Premature keyword interfaces mitigate some problems:
- Enables multiple inheritance in languages that need keyword interfaces for that (Java & C#)
- Eliminate the need to change the name in using clients (I prefix, C# only)
Both are only important if you must strictly follow the open closed principle. This encourages not making changes to tested working code. That is far more important when you have published code libraries that get updated separately. If you can change every class you feel like changing every version the only real cost is redoing your testing. Refactoring tools make the actual code change trivial.
Premature keyword interfaces cause their own problems:
- Indirection can solve any problem except too much indirection
The "everything gets an interface" mentality creates piles and piles of ceremonial code that can be created without thinking. There's even an "extract interface" refactoring to do this for you. This is not fun to work with when you just want to add a new field. Ideally, the decision that a field should exist should happen in only one place.
Let's be honest. The keyword interface is a terrible patch to these languages broken type system that was created before they knew how to support multiple inheritance properly.
But the Dependency Inversion Principle says to depend on abstractions!
- High-level modules should not depend on low-level modules. Both should depend on abstractions (interfaces).
- Abstractions should not depend on details. Details (classes) should depend on abstractions.
Exactly right. But nothing in that says your abstraction must be a keyword interface.
A keyword interface is when you actually type out the word "interface". Interfaces come in many other forms than that. Every class that doesn't disable inheritance is an interface. So sorry but String
is not an interface. But most all of your other classes are. You don't need everything to have a keyword interface
What makes it tricky is realizing when your class makes a good abstraction and when it doesn't. Protected constructors help keep clients from knowing that your class is concrete. If clients don't know your concrete you are an interface. That's all there really is to it. Lazy architects try to skip needing to check for this by insisting on giving everything a keyword interface. But a little work checking this now will allow you to put off creating a keyword interface before you actually need it to support polymorphism.

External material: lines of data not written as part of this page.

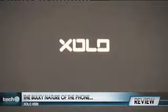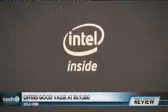The only downside to this handset is that it feels a little bulky in the hand. Overall, the X500 offers very good value and performance for a street price of roughly 9,000 rupees.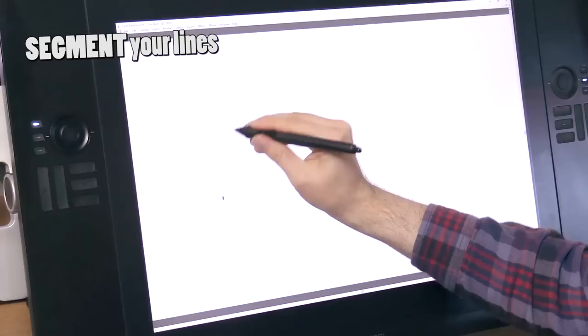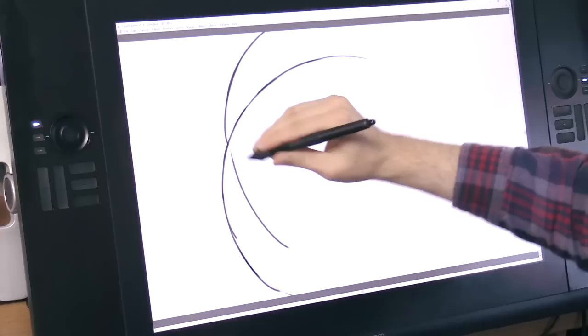Tip number four is to draw segmented lines. You don't have to draw a single solid line when you're outlining something. You can break it up into individual little segments, one little piece at a time, which makes it a lot easier to draw sometimes.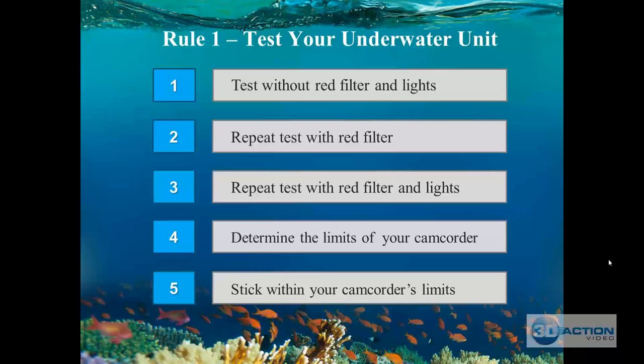Then put the red filter on without lights, and then film another minute with the red filter and lights on — at every depth level: 10, 20, 30, 40, 50, 60, 70, 80 feet. Bring that film back up and run it through the color correction procedures you'll learn in this course. This determines the limits of your camcorder. You'll figure out the reach of your lights and whether you'll be able to get colors to come back. For example, our JVC 3D camcorder returns brilliant colors above 35 feet, but below that I get a lot of gain.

An example from my Java damaged brain:
class Report {
public print() {
System.out.println(
"Succeeded: " + result.succeeded() + " " +
"Response Message: " + result.responseMessage()
);
}
Report(Result result) {
this.result = result;
}
Result result;
}
Looks like Report
depends on Result
right? Yeah but so what? Who said Result
was concrete? Report
doesn't use new
on Result
. For all Report
knows Result
is a keyword interface. Report
might be a composition containing many objects. We don't know. That not knowing is what you need to preserve. That not knowing is what makes Result
an abstraction. You don't have to give everything a keyword interface to do that. Do that when you need to do that.
If your programmer tries to invoke SOILD as an excuse for this let me show you a little something from Mr Martin himself:

Note that the models have no interfaces on them at all. That doesn't mean the models will never change. Just preserve the ability to add interfaces later and there's no need to add them now.
The interfaces you do see here are protecting clients from knowing exactly what behavior they depend on across a boundary that is likely to see independent changes. The models have no behavior so the boundary isn't as important to them.